With these thoughts on my mind, and also for the sake of the cheesy (yet obligatory!) word play, I turned to Blur's "Theme From Retro." I believe that this is the main difference in my videographic response (which I basically re-cut from the original video essay). I intended for the music, together with the rough and faster edit, to support this line of thought, to, in a way, “attack” the viewers; to encourage them to appreciate the blurred image, but then to replace it with another, before they could have the chance to, inevitably, interpret it.



Ron Shetrit is a musician and an undergraduate student at the Steve Tisch School of Film and Television, Tel Aviv University, studying in the school’s honors track.

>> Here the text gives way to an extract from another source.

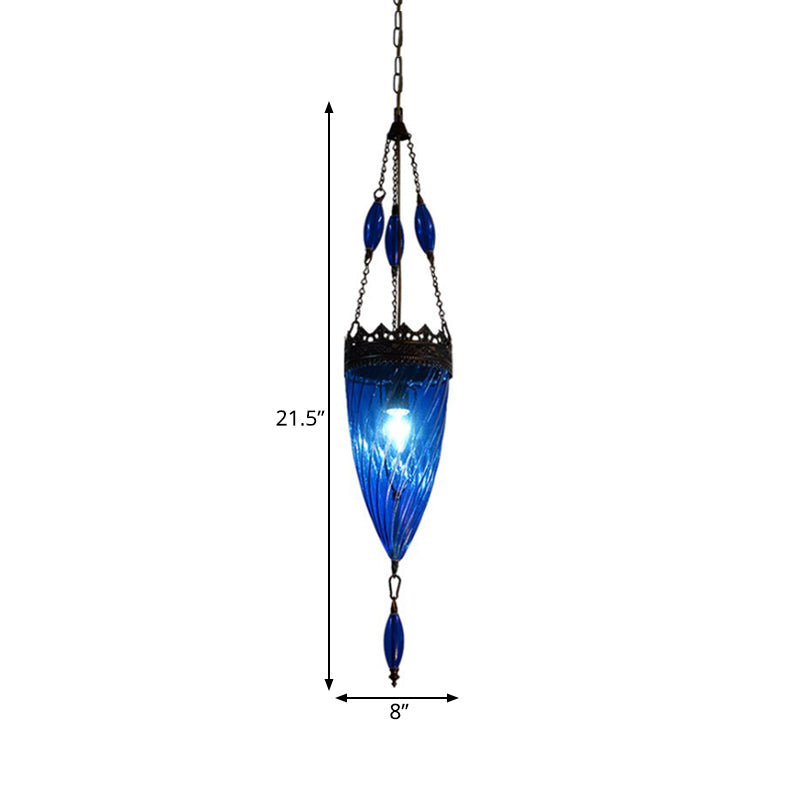 Blue Cyclone Glass Pendant Lamp With Copper Top - Perfect For Mid Century Bedrooms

If there is a “rule” of creative reuse, it is that there are no rules: transformed works of media have no inherent requirement to exist in dialogue with, or be in any way respectful to, their source material. Images’ freedom of movement erases any such obligation. With this in mind, I approached “Thoughts on ‘In Praise of Blur’” ready for anything. 

What most surprised me, then, on watching Ron Shetrit’s video was just how in tune it is with our own “original” video. Though we never wrote a creators’ statement, our implicit goal was to free our chosen images from having to do any of the narrative, emotional, or symbolic work that they were filmed to do. To paraphrase Shetrit’s own creator’s statement (which could almost have been our own creators’ statement) – we wanted to override the uses of blur in order to look at the qualities of blur, and so allow our chosen images to be experienced as light, colour, and texture. The apotheosis of this, for me, was the close up of an anus that I nervously included in the video, but which ultimately nobody ever mentioned, and perhaps even noticed.

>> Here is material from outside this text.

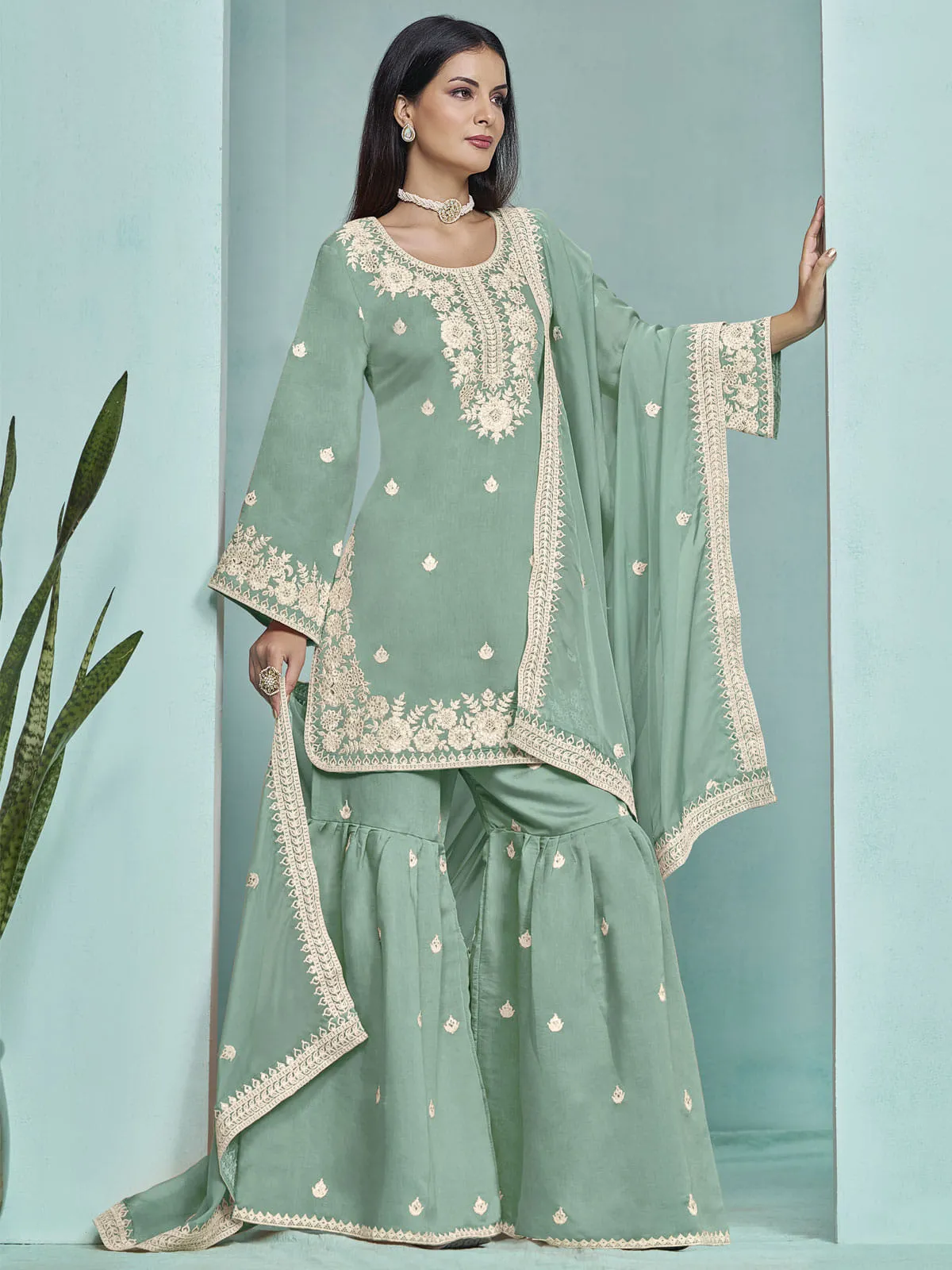 Aqua Designer Style Silk Gharara Style Suit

Shetrit’s video extends our premise of removing contextual information in order to view the image anew, a premise that runs deep throughout the history of video essays and of experimental film. He adds his own evocative words to it, as well as an inspired new backing track. What I find especially productive is that it’s a creative reuse of a creative reuse: usually the pattern for creative reuse in video essays is one-to-many, for example a new Wes Anderson film spawning multiple video essays that all point back towards their revered source while ignoring each other. The dialogic approach Ariel Avissar encourages in his students points to the far more interesting alternative of video essays themselves existing in an on-going conversation that ultimately leaves the authorial intentions of the source media far behind.

It’s about time that video essays should feel free to cite (and creatively transform) each other, rather than just citing revered theoretical texts in order to shore up their academic legitimacy. I hope that Ariel’s inspired dialogic method can help bring this more open and intellectually inclusive approach to audiovisual criticism closer to reality.